We quickly realized that to build any type of precise visualization, documentation, or code review, you first need a good graph. The graph is the precursor. And when we looked around, we saw the same thing everywhere: every code review tool, every documentation generator, every AI coding assistant that needs to understand codebase structure ends up building its own parser, its own import resolver, its own symbol graph. It’s the same foundational work rebuilt independently by dozens of teams. Nobody had put together one comprehensive set of graph primitives that’s well-maintained and available for anyone to build on top of.

So we decided to do that. We think code graphs are a core primitive, especially now, as the industry moves toward software factories where agents need structural understanding of what they’re working on. Our focus is on maintaining precise graphs and parsing so that everyone building on top doesn’t have to duplicate that effort.

This post is about dead code detection, the first tool we built on our own graph primitives, and the one we’ve benchmarked most extensively. We tested it across 14 real-world repositories, from 449-star libraries to 138K-star monorepos like next.js. The result: 156x cheaper, 11x faster, and 2x better performance than Claude Opus 4.6 alone. 94.1% average F1 with 100% precision across every task. But the thesis is bigger than dead code. We aim to make the following case: graphs are a primitive to code factories. This dead code removal tool is an example of what can be built with our public API. If you have your own interpretation of how this problem or another can be better solved with graph primitives, we are happy to provide you with the raw materials to do so.

The Dead Code Problem

We discovered the dead code problem by accident. We gave an agent a directory that had living code and dead code in it and told it to make documentation. It documented dead features as living.

With vibe-coded software, especially if there are multiple refactors, it’s very likely that there will be dead code left behind clogging the context. In practice, engineers have known when manually coding that it is so frustrating to edit a method and see no change, only to discover that the pattern has drifted from the spec and the method is dead.
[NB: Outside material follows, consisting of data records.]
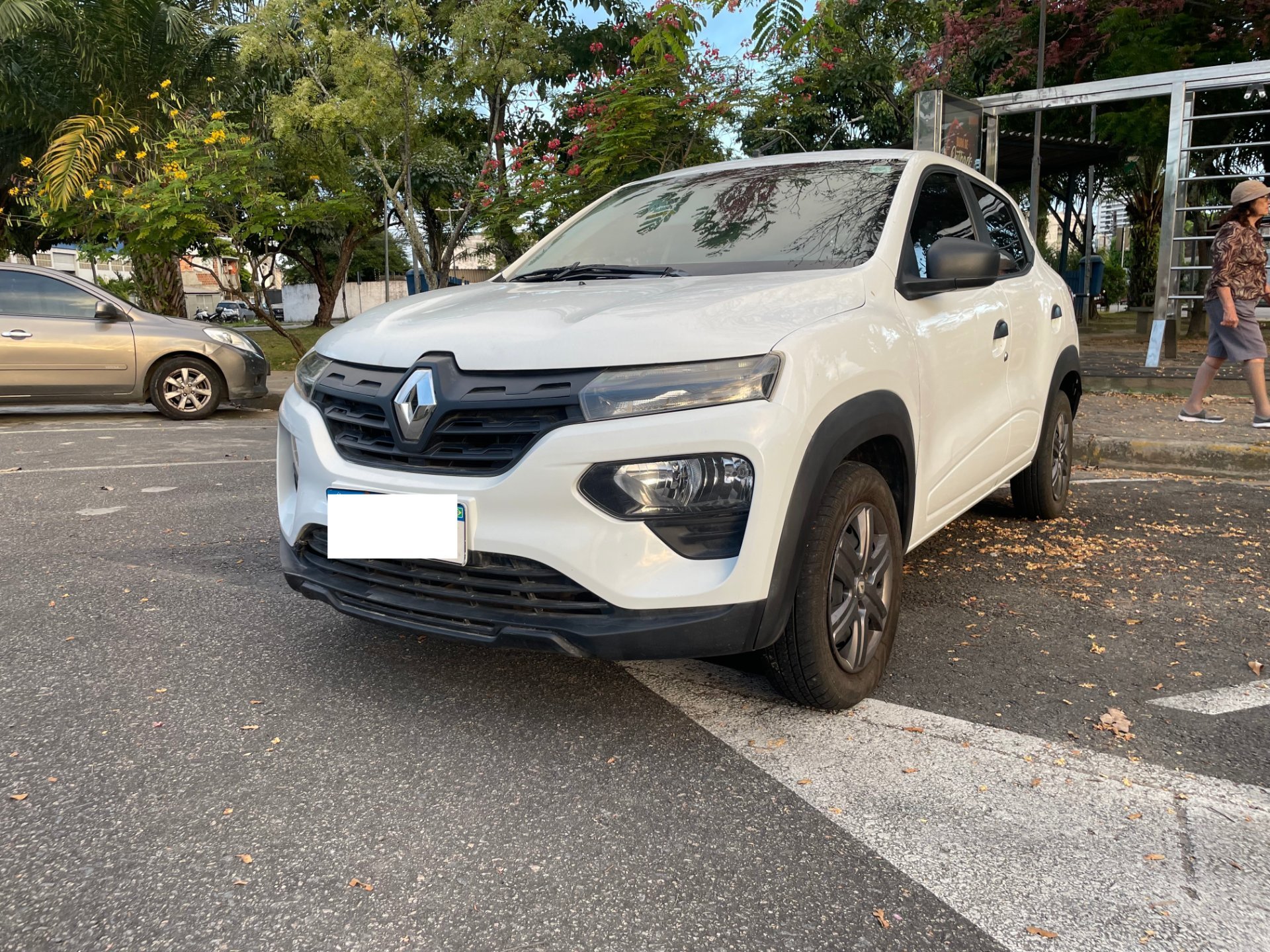 Renault RENAULT/KWID ZEN 2 ZEN 2023 — foto 10
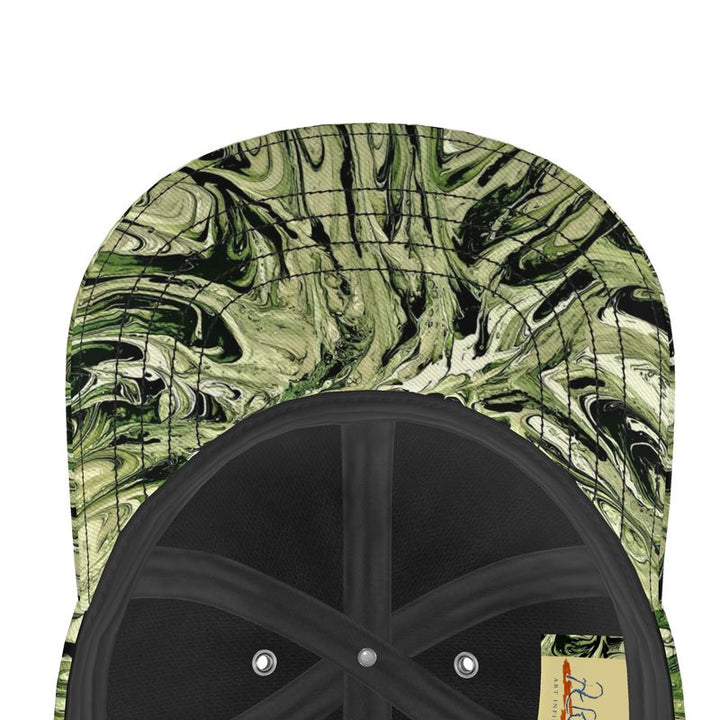 Commando baseball cap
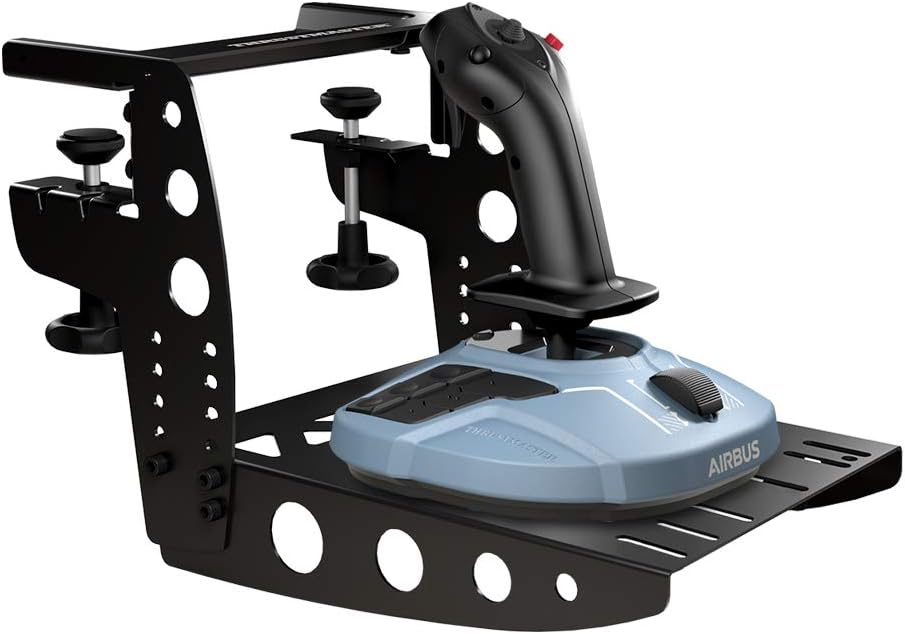 Thrustmaster TM Flying Clamp WW Version | Black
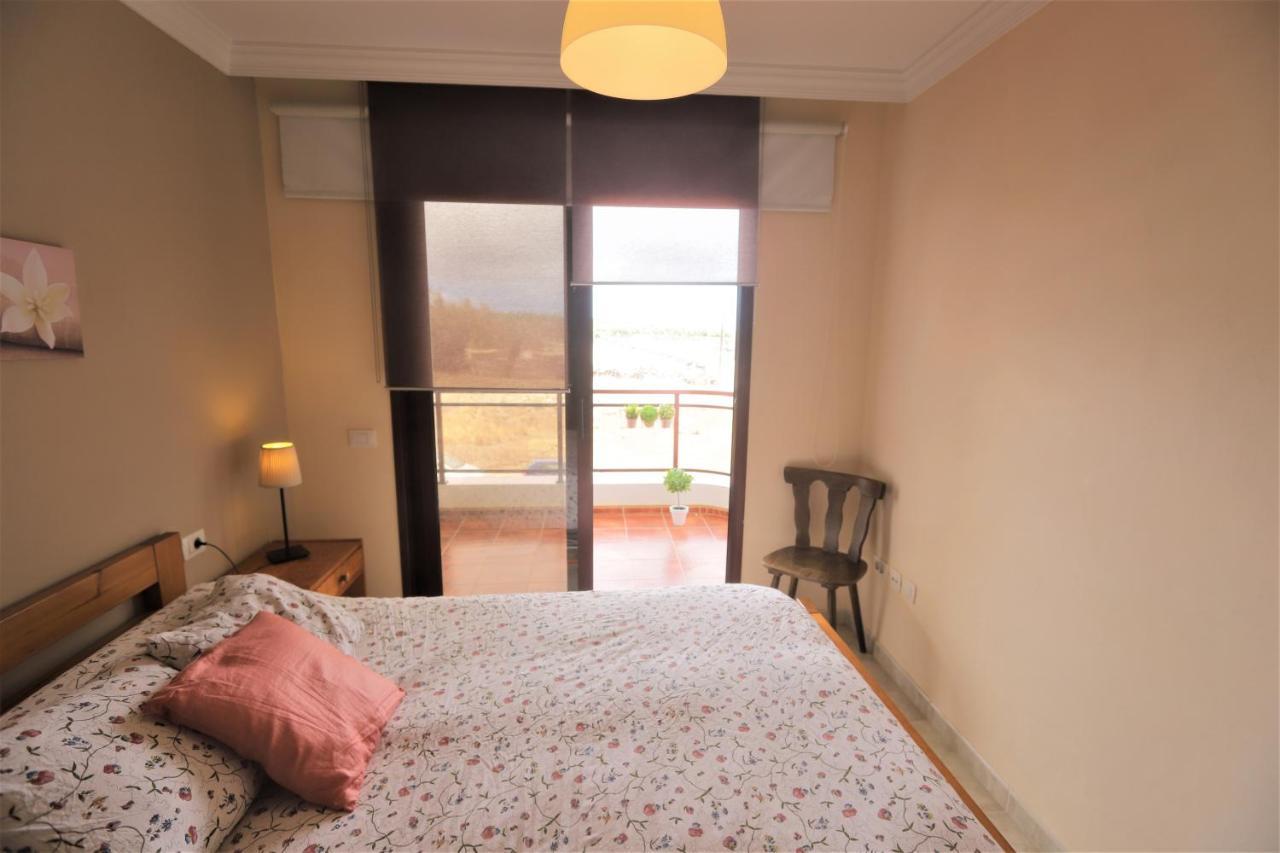 Apartment In Bajamar Near Coast ลาลากูนา ภายนอก รูปภาพ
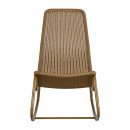 Tom Rattan Rocking Chair from Accessories for the Home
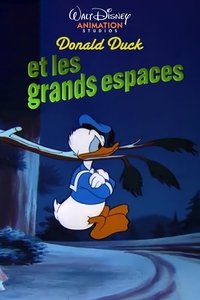 Poster de Donald et les Grands Espaces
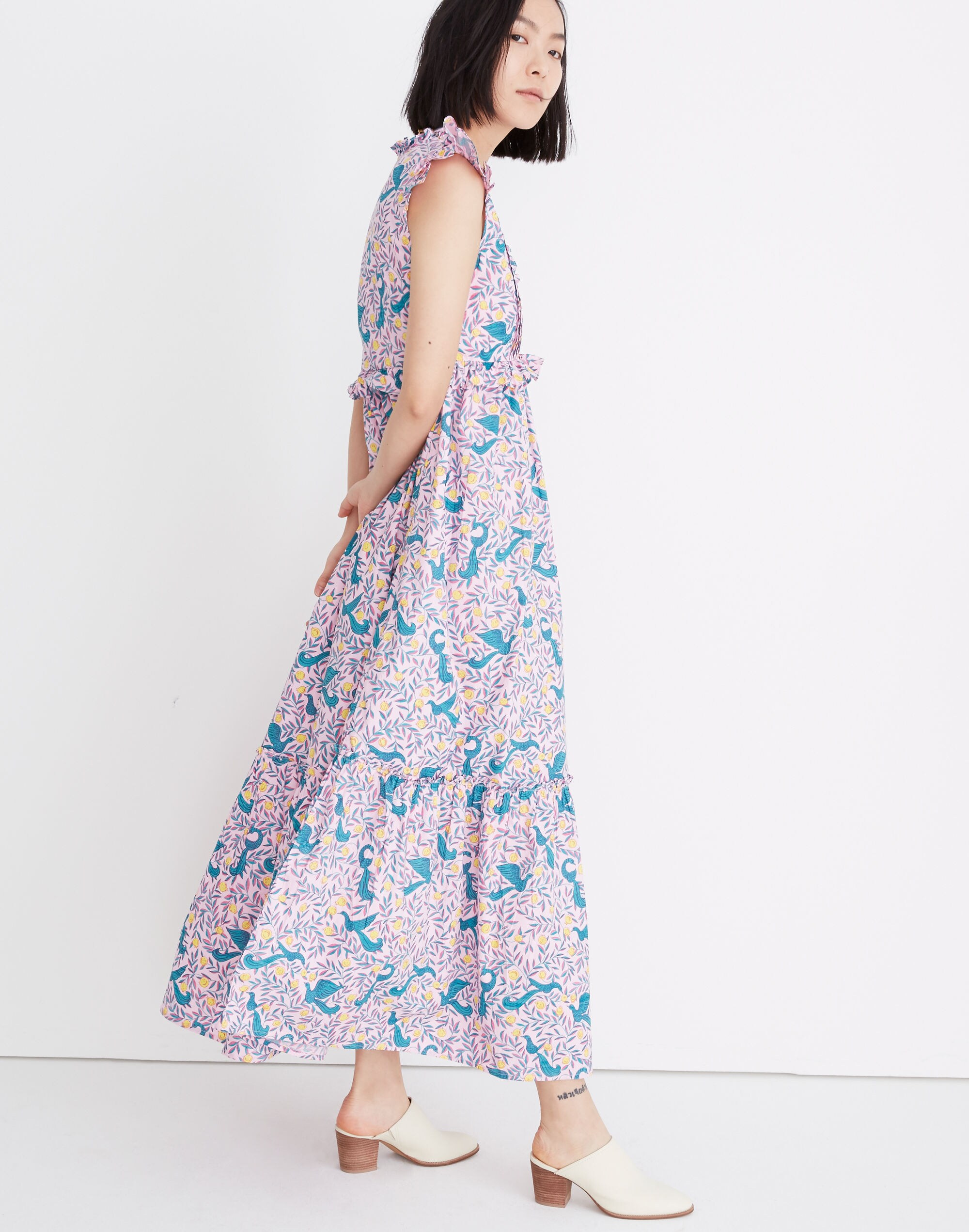 Banjanan Constance Maxi Dress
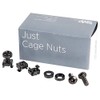 CAGE Nuts & Bolts 50 Pack | 19" Equipment/Cabinet Rack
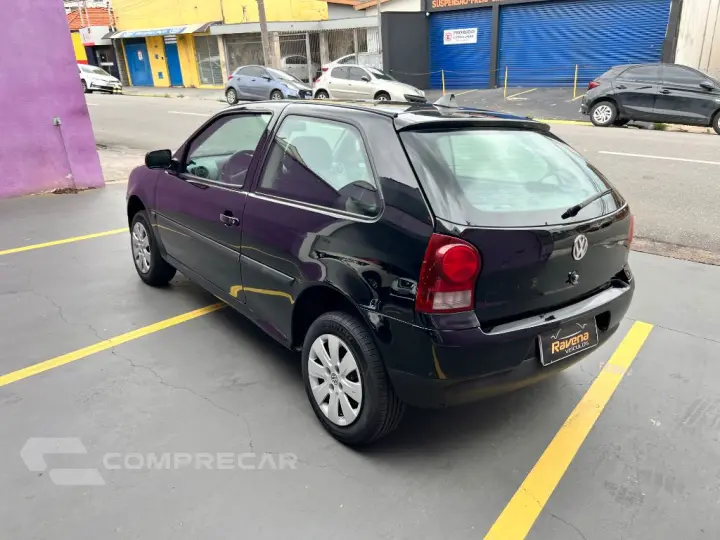 Gol City (Trend) 1.0 Mi Total Flex 8V 2p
AI agents don’t have that intuition. They see every function as equally real.

Dead code clogs context windows, confuses agents, and wastes the most expensive resource in AI-powered development: tokens spent reasoning about code that doesn’t matter.

We had the insight that good prompting is high signal. We want to provide a high volume of high-signal context to the model and eliminate noise as much as possible. If we could identify and remove dead code before the agent sees it, we could dramatically improve the quality of every downstream task: documentation, code review, refactoring, feature development.

From Graphs to Dead Code Candidates

Our insight was that with a well-made call graph and a well-made dependency graph, in many cases we could discover “dead code candidates.” Naively, if you were to say “anything that is not imported or not called, it is dead.” However, with generated code patterns there may be things that are not called until the system is built. Additionally, framework entry points (Express route handlers, Next.js pages, NestJS controllers) are never “called” by your code; they’re invoked at runtime. Services gated by an API may have code that appears dead but isn’t, since the client could be on the other side of a network boundary: a REST handler with zero internal callers, a webhook endpoint waiting for external events, a plugin loaded by convention rather than by import.

However, with these constraints in mind, it’s possible to build an agent-enabled system that begins with a set of items that appear to be dead, ranked by probability. An intelligent system could self-improve with certain system knowledge. That is, project structures that follow a generator pattern typically have common directory names like target/. So this gives a system that can generate probabilistically more likely dead code candidates, with the caveat that there will be false positives that need to be sorted through.

Still, this greatly reduces the context load on an LLM. On smaller projects, an LLM can effectively trace the entire execution path inside of the context window. On larger projects this becomes increasingly infeasible. By using graph analysis primitives, we can eliminate a huge chunk of known noise. After that we can use agents to sort through candidates to remove false positives. Finally, over time we can learn how project structures and design patterns create false positives to make a more refined system that further reduces the false positives the agent needs to sort through.

The cumulative effect of this process is that we can build CI pipelines and refactoring tools that will reduce dead code with increasing accuracy and precision. The final outcome once the dead code is removed is less wasted context, fewer agent errors, and more work done.

Why Naive Reachability Isn’t Enough

Static analysis can trace imports and function calls. What it can’t easily see are the boundaries of indirection that make code appear dead when it isn’t:

Framework entry points. A Next.js page.tsx, a NestJS @Controller(), an Express route handler. None of these are “called” by your code. They’re invoked by the framework at runtime. A naive dead code detector would flag every API endpoint as unused.

Event-driven and plugin architectures. Webhook handlers, message queue consumers, dynamically loaded plugins. All registered through patterns that static analysis struggles to trace.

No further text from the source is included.